The Classic also offers more landlubberish entertainments, including a water-borne Highland games with haggis-hurling from the lighthouse, whisky tastings and ceilidhs including a major fling in the Crinan Boatyard on Saturday night, as well as boat-building demonstrations.
Amid it all, The Truant, it has to be said, cuts quite a dash. "It was William Fife's maxim that a great yacht should be 'both fast and bonnie,'" observes Dalglish, sitting at the tiller during my excursion, "and she is everything that a boat should be."
The century-old yacht underwent major restoration at the Lochgilphead yard of A & R Way, Boatbuilders, a few years ago, when, as can happen with such restoration jobs, the necessary work turned out to be more extensive than had been thought and a third of the hull planking needed replacing. Metalwork at the bottom of the boat had rusted, rotting any timber, frames, ribs or planking, that came into contact with it.
In her Edwardian heyday, The Truant dominated the racing season for four years, wining European championships twice and then beating the Olympic fleet in 1912, says Ryan, who goes on to speculate what the original crew might have thought if they were to come on board now. "I'm sure they'd be busy adjusting everything and laughing at what we were doing. It might take as much as ten years to really get to know a boat like this, adjusting her all the time."
The restored yacht enjoyed much attention at the Earl's Court Boat Show two years ago where she was exhibited alongside the Ierne, a former racing adversary and product of the same inspired William Fife drawing board and Fairlie yard. The Ierne, which won gold at the 1920 Olympics at Antwerp, is owned by Yorkshireman Hugh Jones, who rescued the boat after she had spent 16 years mouldering in a Portuguese farm shed and restored her to her former glory.
The yachting equivalent of the Bentleys which would roar round Brooklands a decade later, The Truant and the Ierne went head to head in prestigious eight-metre events on the Solent, back in 1914. And last year, they resumed their famous rivalry during the Fife Regatta, when classic Fairlie-built boats converged on the Clyde and The Truant came first in her gaff class and also collected the prize for fastest Scottish boat.

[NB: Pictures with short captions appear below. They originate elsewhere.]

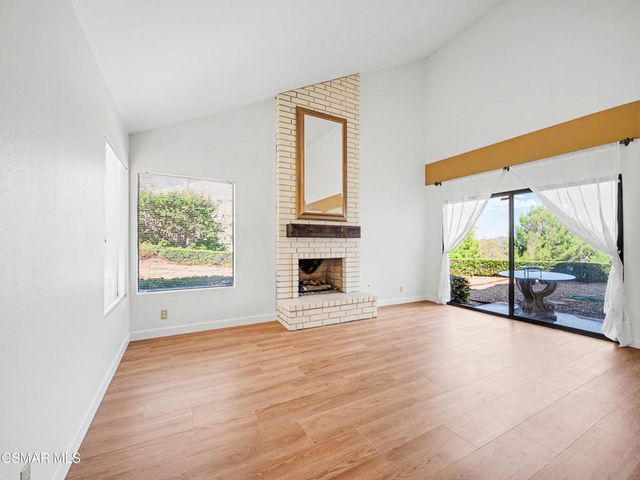 1666 Chilco Court, Thousand Oaks, CA 91360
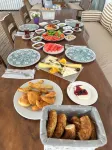 Apelles Butik Otel - servizio colazione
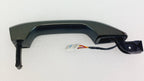 Exterior Front Door Handle for Chevy Silverado (2019–2024) Harvest Bronze 84966971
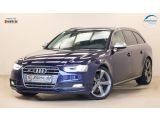 Audi S4 Avant bei Gebrauchtwagen.expert - Abbildung (3 / 15)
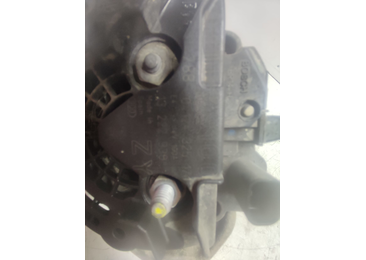 Alternator 7880124325171 Opel Corsa D (2006 - 2011) 1.0 benzina Z10XEP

She should make an impression once again during the Crinan races, which are held under a handicap system, bearing in mind the engagingly motley collection of wooden vessels taking part. Whatever the result, the event should recall the days when The Truant's creator, the third William Fife, designed such renowned yachts as the Americas Cup challengers Shamrock I and Shamrock III for the tea magnate and yachting enthusiast Sir Tommy Lipton, in the golden age of Clyde yachting.